BEGIN MATERIAL FOR THIS EXERCISE

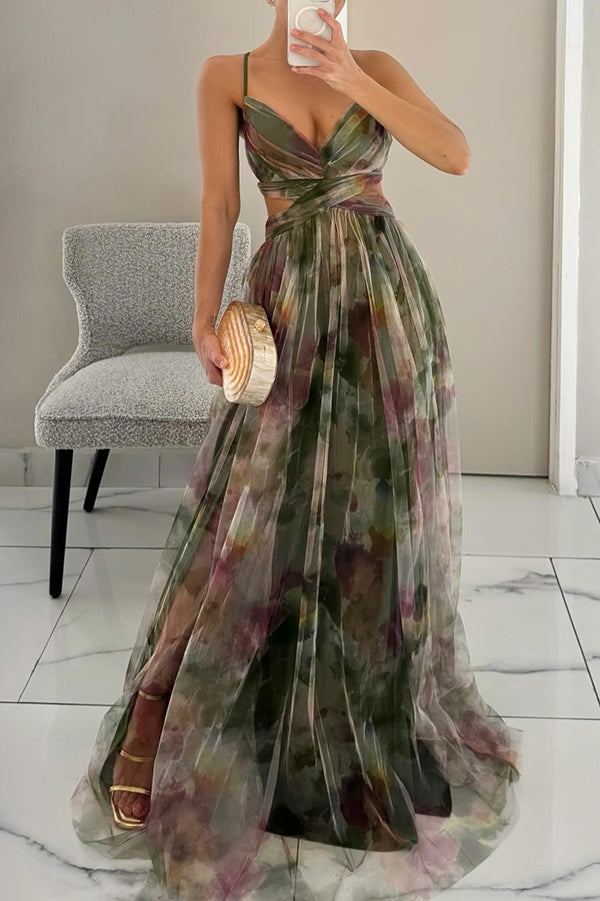 Alinna | Lange Maxi-Kleid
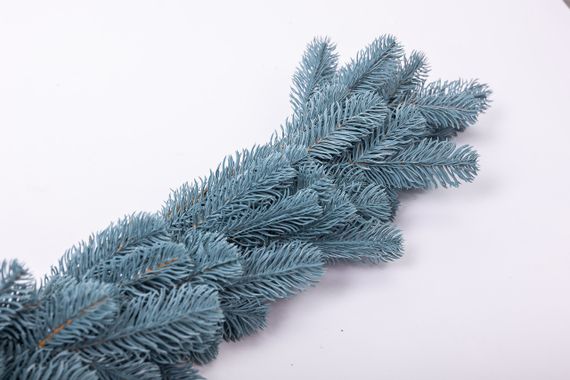 Штучна хвойна гірлянда 2 м блакитна Преміум TD-BRNCHBL2 | Зображення 9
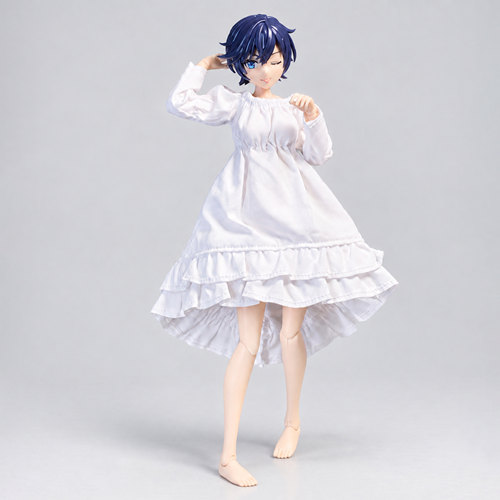 1/12娃衣机娘蜗之壳森系连衣裙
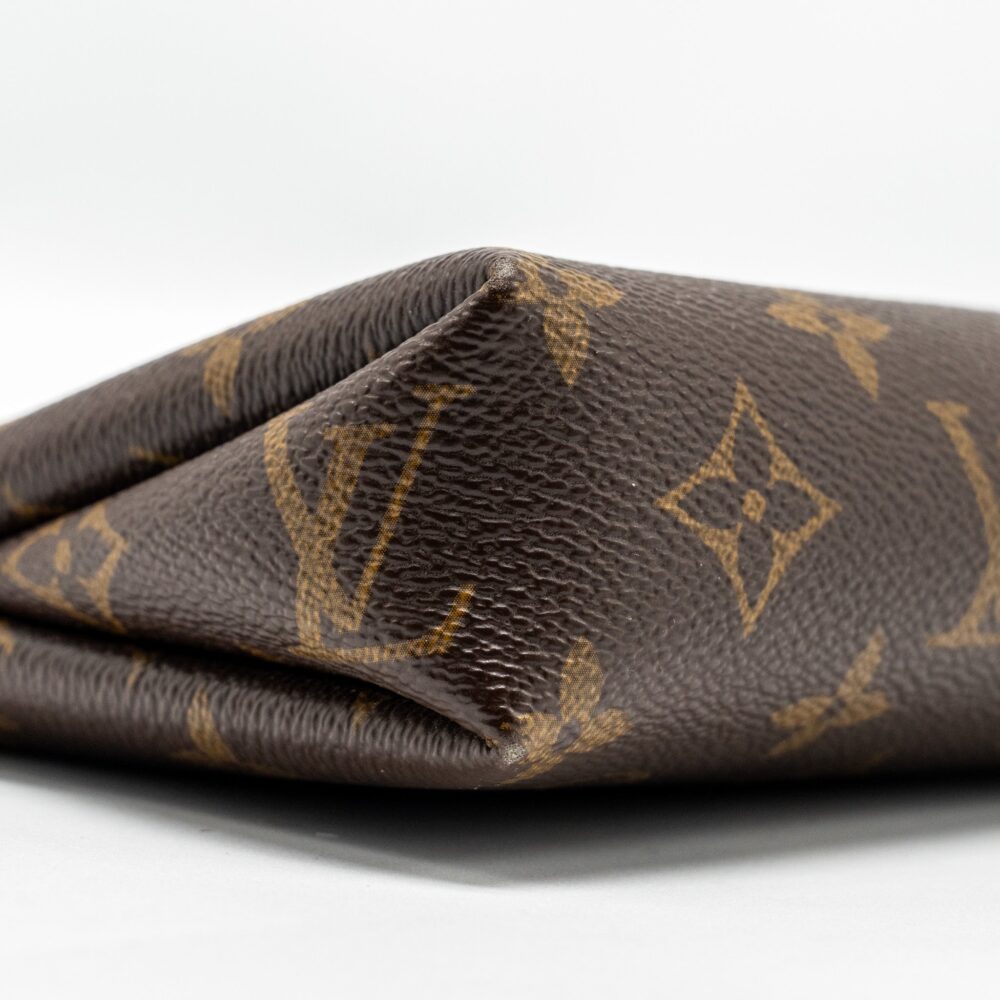 AAA Replica Louis Vuitton LV PALLAS CLUTCH MONOGRAM 2 WAY SHOULDER BAG MONOGRAM CANVAS/LEATHER CERISE GHW
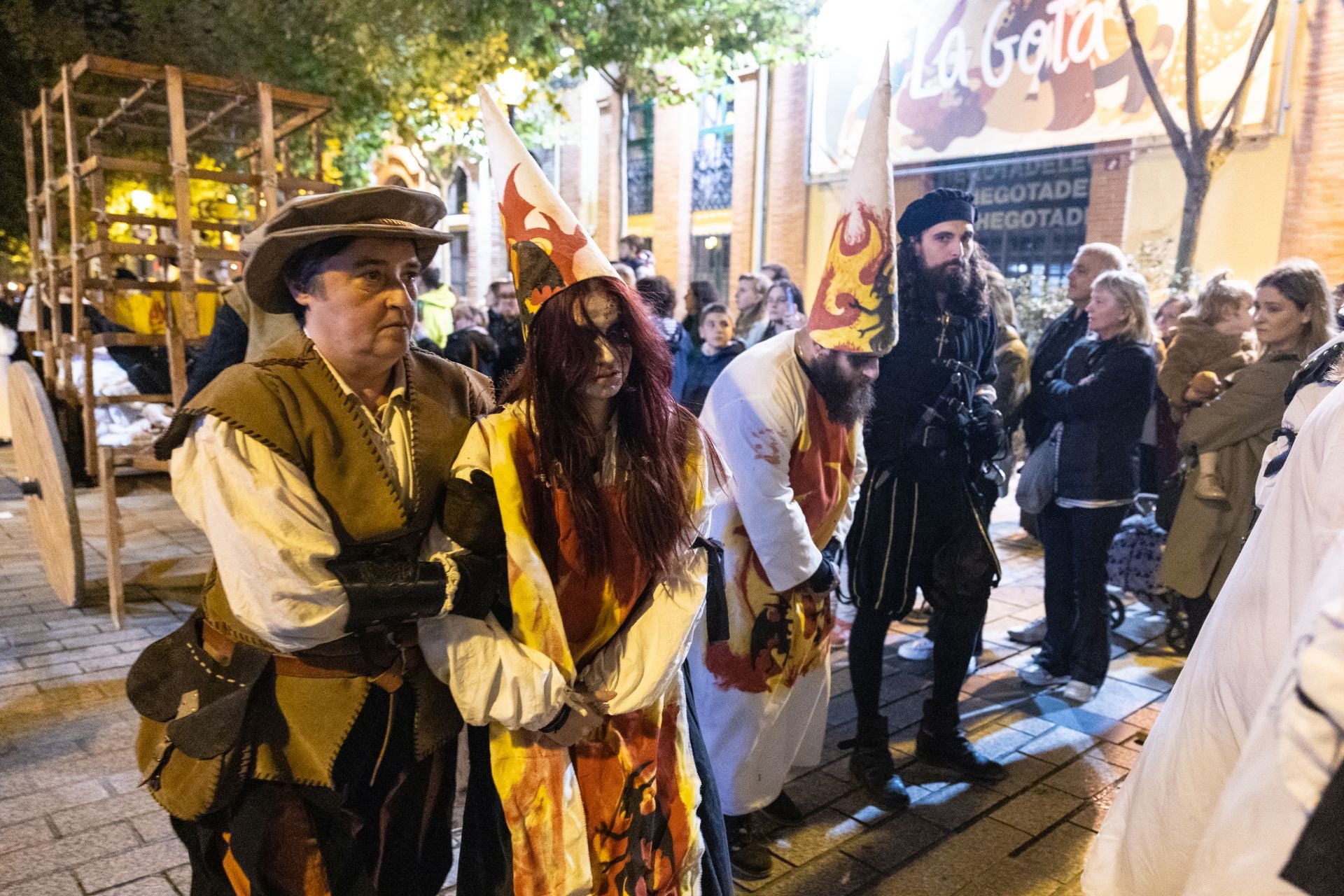 Las brujas de Zugarramurdi por las calles de Logroño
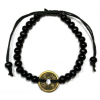  Feng-Shui Szerencse Karkötő - Fekete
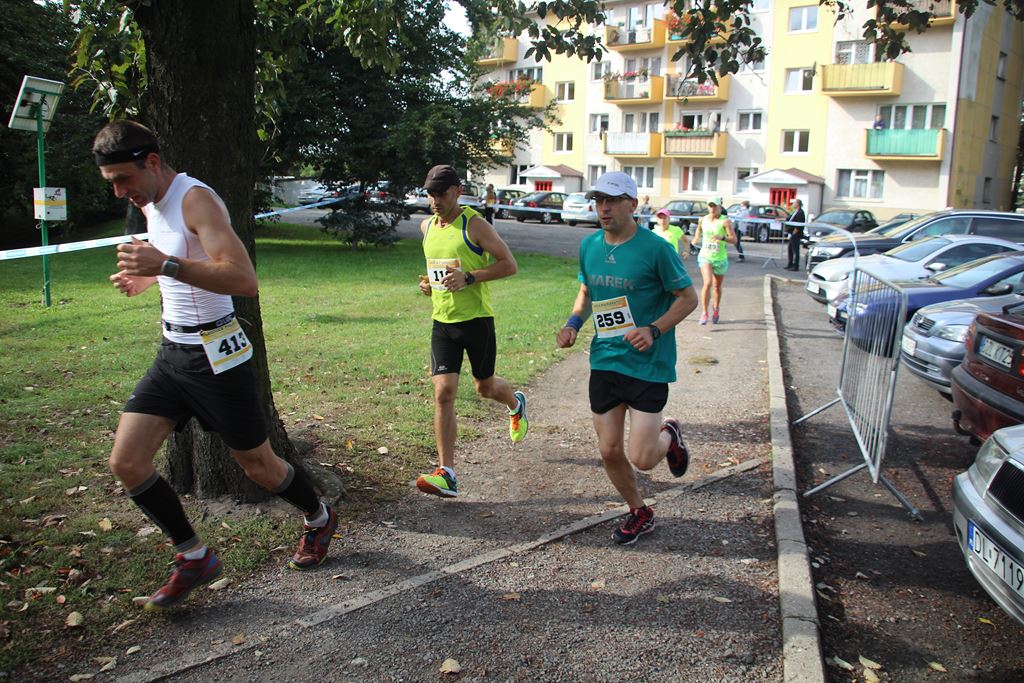 Na trasie Legnickiego Półmaratonu rywalizowano o miejsca (5)
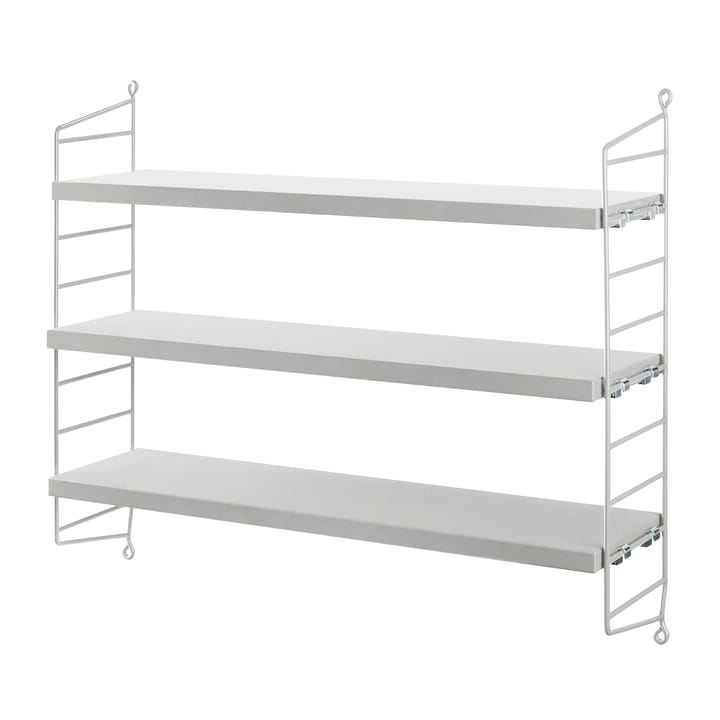 String shelf Pocket - Special Edition, Nordic Grey String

END MATERIAL FOR THIS EXERCISE

WHAT IS REQUIRED. Since the pictures are not wanted, give the material again exactly without them.

ANSWER.
 Alinna | Lange Maxi-Kleid
 Штучна хвойна гірлянда 2 м блакитна Преміум TD-BRNCHBL2 | Зображення 9
 1/12娃衣机娘蜗之壳森系连衣裙
 AAA Replica Louis Vuitton LV PALLAS CLUTCH MONOGRAM 2 WAY SHOULDER BAG MONOGRAM CANVAS/LEATHER CERISE GHW
 Las brujas de Zugarramurdi por las calles de Logroño
  Feng-Shui Szerencse Karkötő - Fekete
 Na trasie Legnickiego Półmaratonu rywalizowano o miejsca (5)
 String shelf Pocket - Special Edition, Nordic Grey String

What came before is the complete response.